[Task to carry out]
Pick each line containing the word "Copy" out of the data below.

----- Source information

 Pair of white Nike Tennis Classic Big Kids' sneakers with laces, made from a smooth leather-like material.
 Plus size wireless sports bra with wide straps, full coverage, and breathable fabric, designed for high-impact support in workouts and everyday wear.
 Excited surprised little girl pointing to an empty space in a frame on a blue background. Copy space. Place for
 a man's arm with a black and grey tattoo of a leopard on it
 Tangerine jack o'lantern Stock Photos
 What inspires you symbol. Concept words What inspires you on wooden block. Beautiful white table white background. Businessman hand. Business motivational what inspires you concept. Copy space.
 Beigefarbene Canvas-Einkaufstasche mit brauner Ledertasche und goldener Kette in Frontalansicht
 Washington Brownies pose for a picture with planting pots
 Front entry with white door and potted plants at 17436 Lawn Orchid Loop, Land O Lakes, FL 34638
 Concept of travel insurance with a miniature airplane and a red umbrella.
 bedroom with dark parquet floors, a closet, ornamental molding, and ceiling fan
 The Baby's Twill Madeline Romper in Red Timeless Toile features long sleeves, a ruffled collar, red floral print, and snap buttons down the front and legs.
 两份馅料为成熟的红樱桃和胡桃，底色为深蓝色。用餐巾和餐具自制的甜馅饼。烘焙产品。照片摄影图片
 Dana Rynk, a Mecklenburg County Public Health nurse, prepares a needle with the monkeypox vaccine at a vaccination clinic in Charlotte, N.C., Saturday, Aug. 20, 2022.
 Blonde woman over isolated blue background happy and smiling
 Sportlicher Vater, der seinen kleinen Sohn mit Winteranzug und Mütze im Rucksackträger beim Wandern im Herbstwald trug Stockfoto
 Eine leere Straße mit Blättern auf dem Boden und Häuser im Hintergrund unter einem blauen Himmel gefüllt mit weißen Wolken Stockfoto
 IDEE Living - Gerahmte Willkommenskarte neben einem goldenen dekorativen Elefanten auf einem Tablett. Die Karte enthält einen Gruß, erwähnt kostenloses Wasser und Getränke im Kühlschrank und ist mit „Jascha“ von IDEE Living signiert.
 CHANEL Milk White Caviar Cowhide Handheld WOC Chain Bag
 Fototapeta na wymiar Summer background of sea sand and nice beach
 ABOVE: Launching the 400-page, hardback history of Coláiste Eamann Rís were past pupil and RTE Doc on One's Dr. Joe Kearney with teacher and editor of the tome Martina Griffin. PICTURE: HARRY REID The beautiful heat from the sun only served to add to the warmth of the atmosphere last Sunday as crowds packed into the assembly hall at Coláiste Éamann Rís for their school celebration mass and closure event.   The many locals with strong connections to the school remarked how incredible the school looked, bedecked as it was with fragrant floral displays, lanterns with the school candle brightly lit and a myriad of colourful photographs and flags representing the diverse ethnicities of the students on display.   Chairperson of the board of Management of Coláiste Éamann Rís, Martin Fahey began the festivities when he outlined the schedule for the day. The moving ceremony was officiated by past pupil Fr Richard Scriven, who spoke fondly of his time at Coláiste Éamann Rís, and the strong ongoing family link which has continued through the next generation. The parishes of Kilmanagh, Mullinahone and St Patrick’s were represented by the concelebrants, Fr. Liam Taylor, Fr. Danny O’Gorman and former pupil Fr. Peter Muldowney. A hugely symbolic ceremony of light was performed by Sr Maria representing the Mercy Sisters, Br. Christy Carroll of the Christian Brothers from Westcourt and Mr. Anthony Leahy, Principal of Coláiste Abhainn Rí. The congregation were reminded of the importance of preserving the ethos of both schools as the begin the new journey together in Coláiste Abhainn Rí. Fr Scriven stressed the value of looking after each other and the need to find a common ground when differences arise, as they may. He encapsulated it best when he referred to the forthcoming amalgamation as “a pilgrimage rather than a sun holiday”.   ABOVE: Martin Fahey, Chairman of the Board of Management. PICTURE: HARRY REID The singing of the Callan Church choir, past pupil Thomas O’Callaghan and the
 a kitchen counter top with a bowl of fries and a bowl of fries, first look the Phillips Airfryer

----------

[Response to this task]
 Excited surprised little girl pointing to an empty space in a frame on a blue background. Copy space. Place for
 What inspires you symbol. Concept words What inspires you on wooden block. Beautiful white table white background. Businessman hand. Business motivational what inspires you concept. Copy space.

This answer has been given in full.